# TOPIE IMPITOYABLE /// Ethics of the Viscous Body (Munari, McLean & Faustino)

Published

Bruno Munari (1944) / Bruce McLean (1971) / Didier Faustino (2009)

My friend Alexandre Pachiaudi recently made me remember two works of Bruno Munari and Bruce McLean, respectively entitled Seeking comfort in an uncomfortable armchair (1944) and Plinths I (1971) that display similar situations in which their bodies were interacting with a chair-like object in positions that are uncommon to the usual practice of this same object. For the sake of this article, I am adding to this short inventory of similar body exercises, two works by Didier Fiuza Faustino: Opus Incertum (2009) and Auto Satisfaction (with students in Georgia State University, 2009).

These three works have all in common that they seem to consider the body as a sort of viscous matter that can embody various configurations in relation to the object on which this matter is falling. Viscous is a key word here as fluid would consider the body as a surface rather than a flesh assemblage. It seems that the body does not have any mechanical function that can negotiate with gravity but rather, it is a sort of viscous corpse that interacts with the volume of the object, yet cannot separate its parts one from another.

Introduced as such, one may not think that such operation of the body is something that could be considered as a manifesto of any kind. Embodying a “viscous corpse” is not exactly what one might look up to.

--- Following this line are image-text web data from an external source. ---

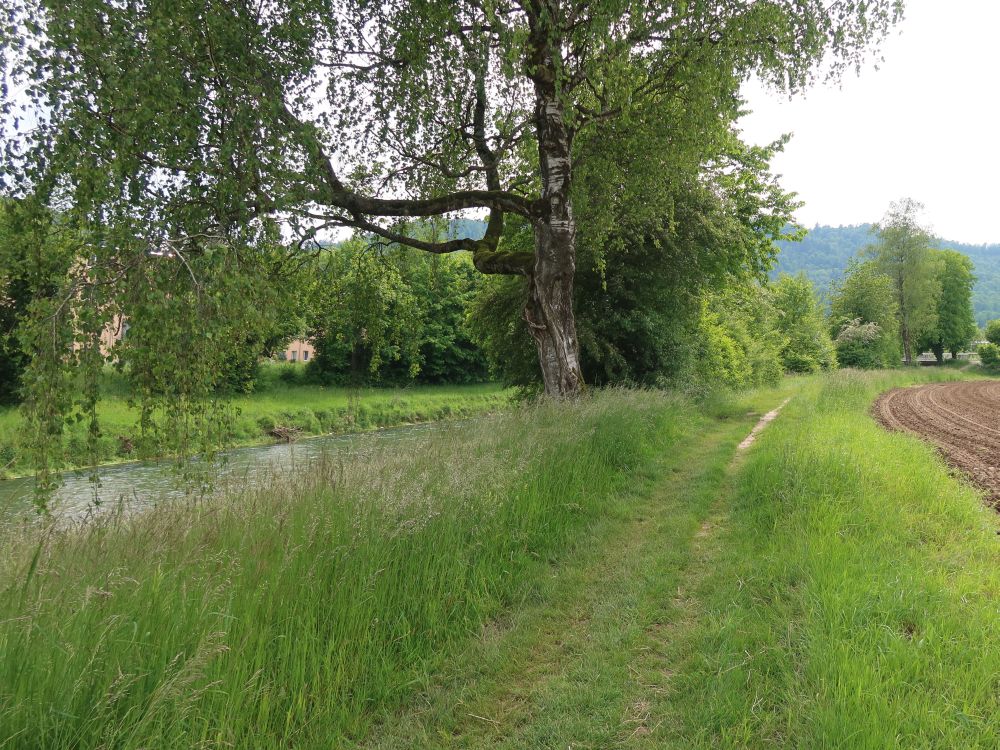 Wiesenpfad an der Töss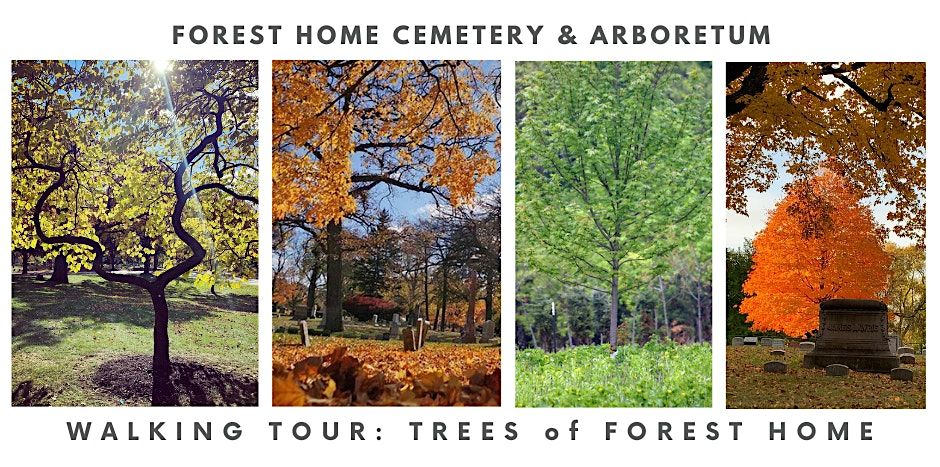 Walking Tour: Trees of Forest Home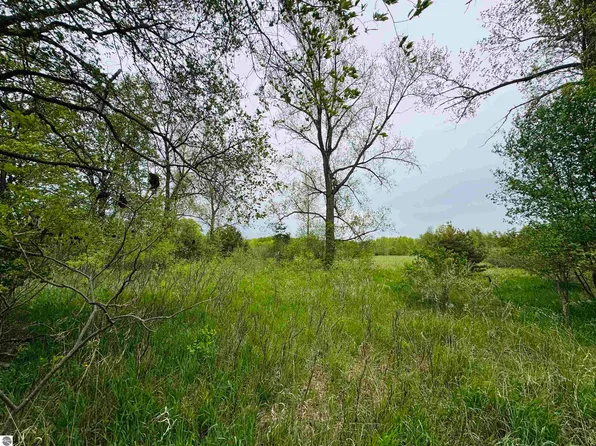 PARCEL B3 Bosscher Rd, Manton, MI 49663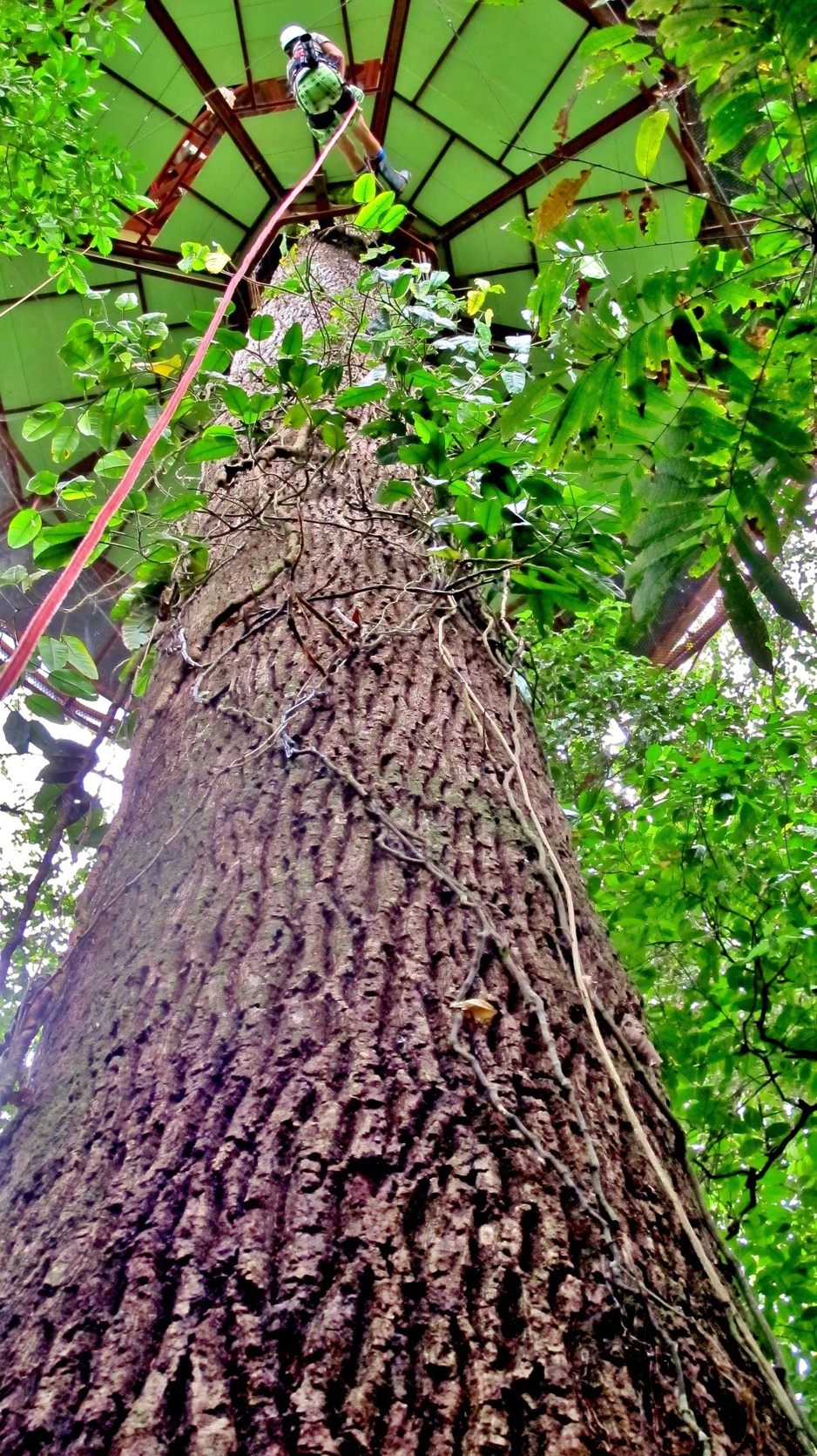 Nature Observatorio Manzanillo climbing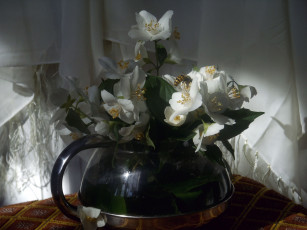Картинка цветы жасмин оса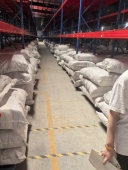 儿童衣服胖哥直播间童装 付款 链接15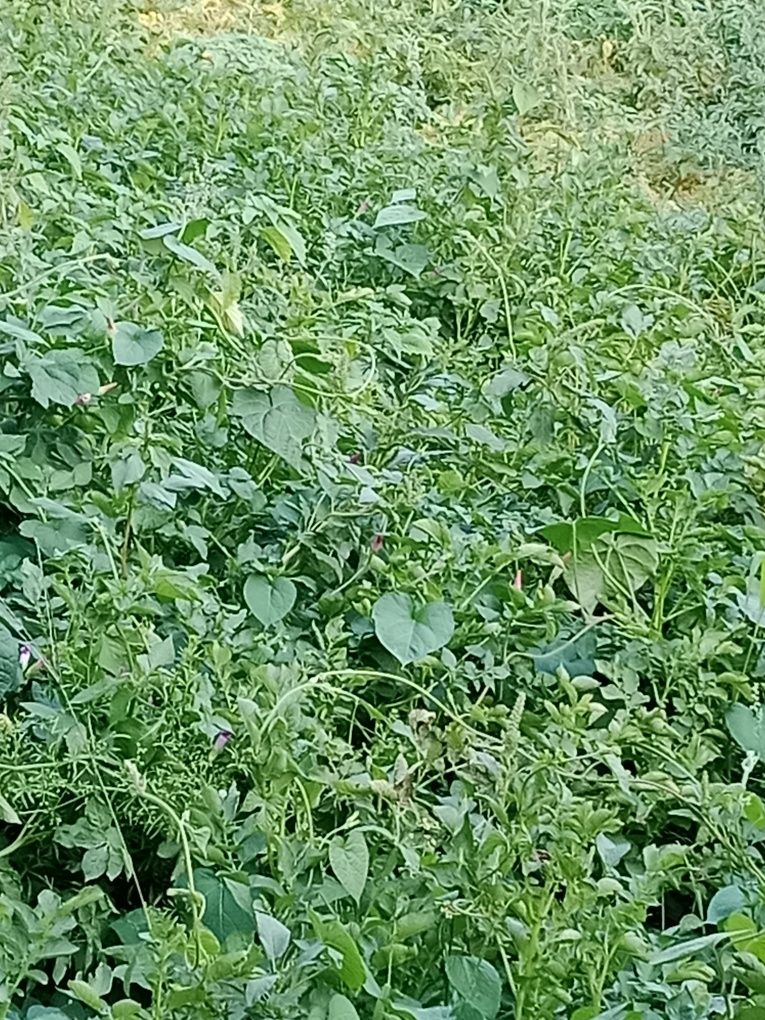 Картошка бор уз уйимда огородда хали ковланмаган,  сарик ва кизил.
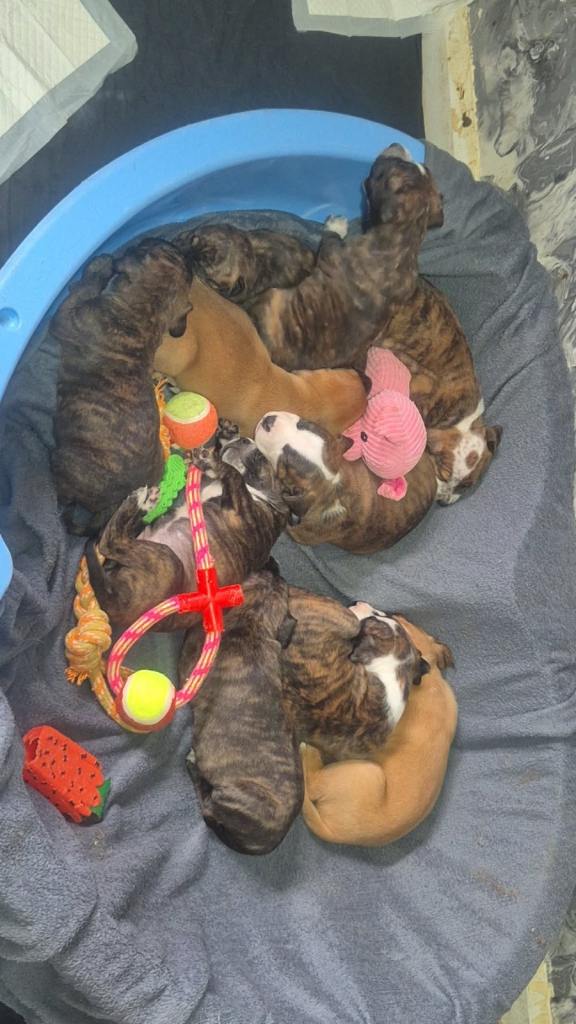 Puppies presa canario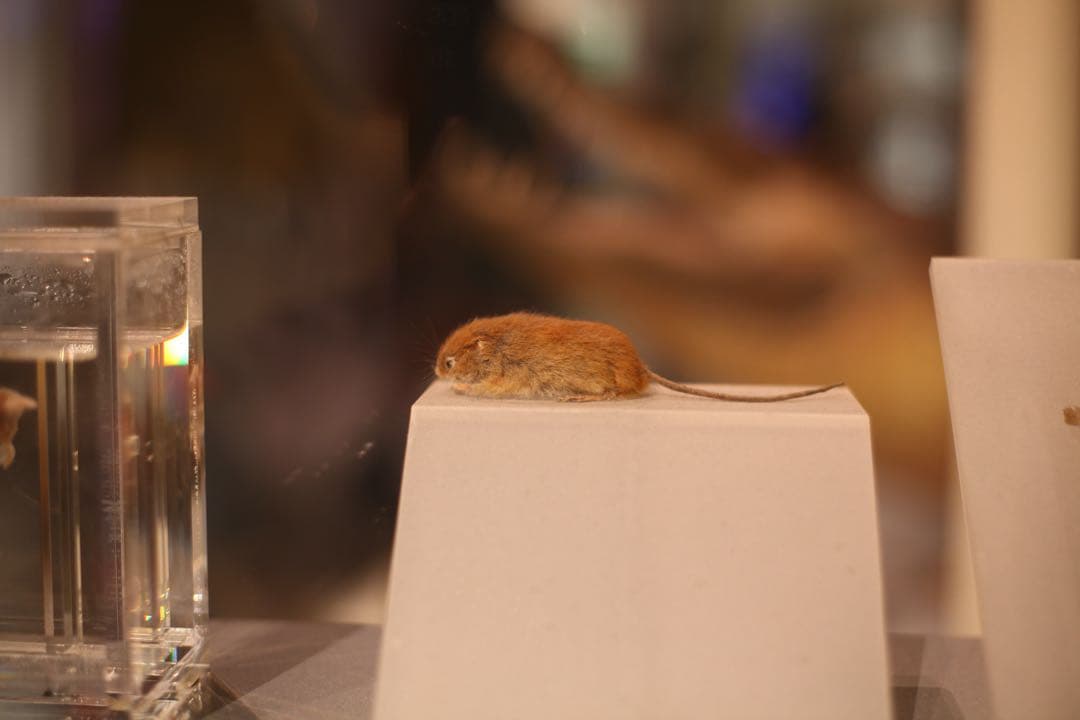 【24時間以内発送】Canon EOS 5D mark ii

As a matter of fact, we all have experienced a situation in which our body was continuously trying to find a comfortable position without ever finding it. If you tried to sleep on a rock, you know what I am talking about. There is however something in these situation that brings our body back to the most primal negotiation with its material environment. Most mammal animals — understood here as non-humans — do not design and construct objects that can serve their comfort, and they are therefore experiencing this situation on a daily basis. Observe a dog trying to find the appropriate territory to rest, for example. There is an intuitive effort to understand how to dispose of its material parts with the material environment.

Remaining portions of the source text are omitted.